Psychologisch stellen sich diese Sachverhalte folgendermaßen dar: Alle Phänomene der Welt („Objekte“), die wir wahrnehmen, also Gegenstände, Vorgänge, Farben, Laute usw., werden nie als Objekte an sich wahrgenommen, sondern immer als Realisationen bestimmter, unserer Erfahrung entstammender Abstraktionen, die als Klassen von Objekten beschrieben werden können („Kategorisierung“). Damit ist auch die Bedeutung eines Ausdrucks wie Stuhl „nicht eine individuelle Vorstellung; sie ergibt sich aus der Ähnlichkeit der Einzelvorstellungen als soziales Phänomen …“.[8] Ein konkretes Objekt als „Stuhl“ wahrzunehmen heißt also, es als Element der Klasse „Stühle“ zu erkennen. Dabei werden unbewusst Fragen wie die folgenden beantwortet: Welche Eigenschaften muss der Stuhl aufweisen, damit er als solcher erkannt und dementsprechend bezeichnet werden kann? Welche Funktion(en) muss er erfüllen? Wie eben und wie waagrecht muss die Sitzfläche sein? Wie viele Beine muss bzw. darf er haben und wie hoch müssen bzw. dürfen diese sein? Die entsprechenden Voraussetzungen für einen „Stuhl“ bzw. einen „Nicht-Stuhl“ sind offensichtlich konventionalisiert, sie entsprechen intuitiven Vorstellungen. Grenzfälle ordnen wir intuitiv entweder der einen oder der anderen Kategorie zu oder machen gerade diesen Grenzfall-Charakter zum Thema („Aushandeln“ von Bedeutungen wie in den obigen Beispielen des „blauen“ Autos bzw. der „groben Fahrlässigkeit“).

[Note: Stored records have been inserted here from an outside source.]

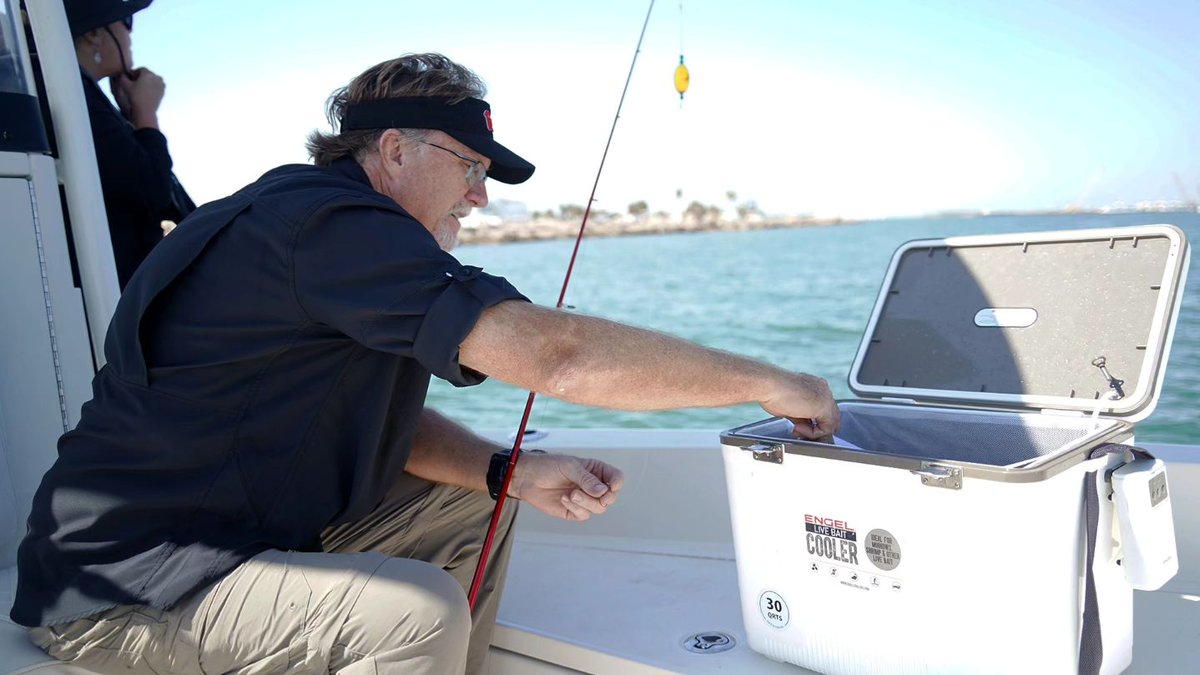 Engel Coolers (@engelcoolers) on Twitter photo "Keep live bait fresh for extended periods of time with the <a href="/EngelCoolers/">Engel Coolers</a> Live Bait Cooler! This high-quality bait storage system keeps bait lively all day" @fishermanshandbook
#EngelCoolers #SeriousCool #LiveBaitCooler #LiveBait #Fishing "Keep live bait fresh for extended periods of time with the <a href="/EngelCoolers/">Engel Coolers</a> Live Bait Cooler! This high-quality bait storage system keeps bait lively all day" @fishermanshandbook
#EngelCoolers #SeriousCool #LiveBaitCooler #LiveBait #Fishing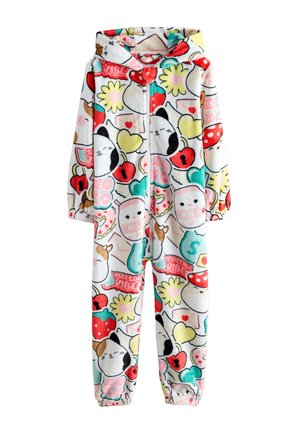 Next REGULAR FIT - SQUISHMALLOW ALL-IN - Pyjama - red/ecru
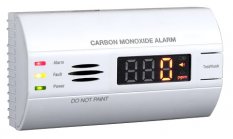 Detektor oxidu uhelnatého s alarmem, pamětí a LCD, CO-90 EN50291, H1260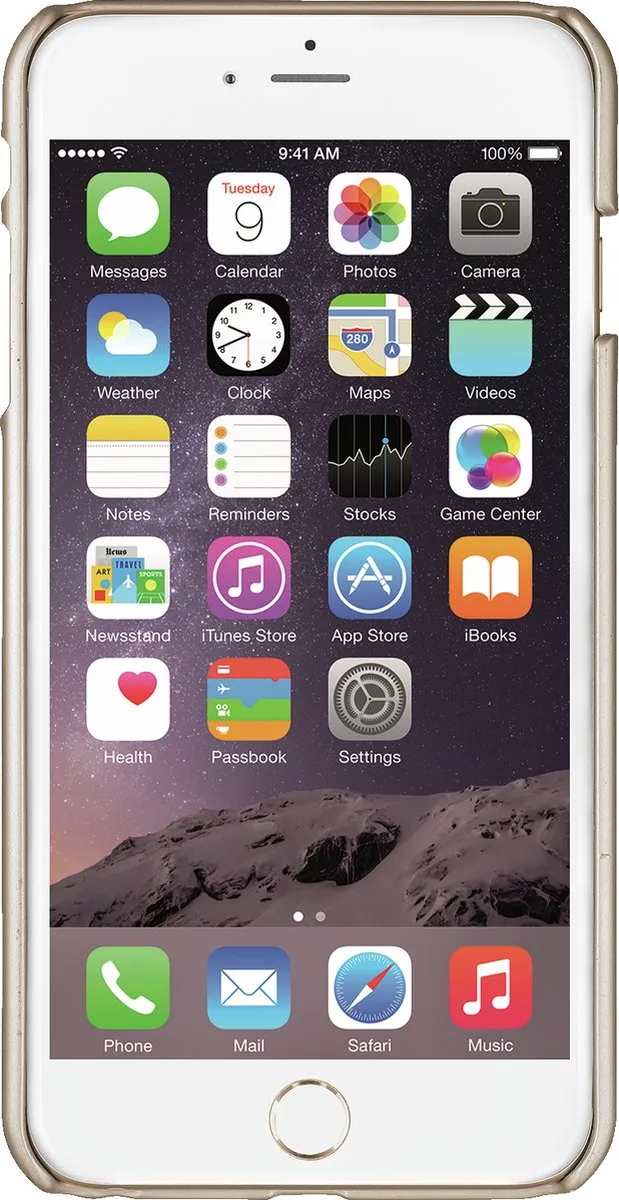 Trust Urban 20344 Telefoonhoesje - iPhone 6/6s Plus - Goud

Muttersprachliche bzw. sonst wie kompetente Sprecher einer Sprache verfügen jedenfalls über sehr viel mehr und sehr viel detailliertere intuitive Kenntnisse des Wortschatzes oder der Grammatik (der Regularitäten) dieser Sprache, als sich in einer linguistischen Sprachbeschreibung festlegen lassen. In diesen Sprachkenntnissen verbinden sich ganz unbewusst die bisher gemachten Lebenserfahrungen mit den damit verknüpften sprachlichen Erfahrungen (vgl. Sprachgefühl).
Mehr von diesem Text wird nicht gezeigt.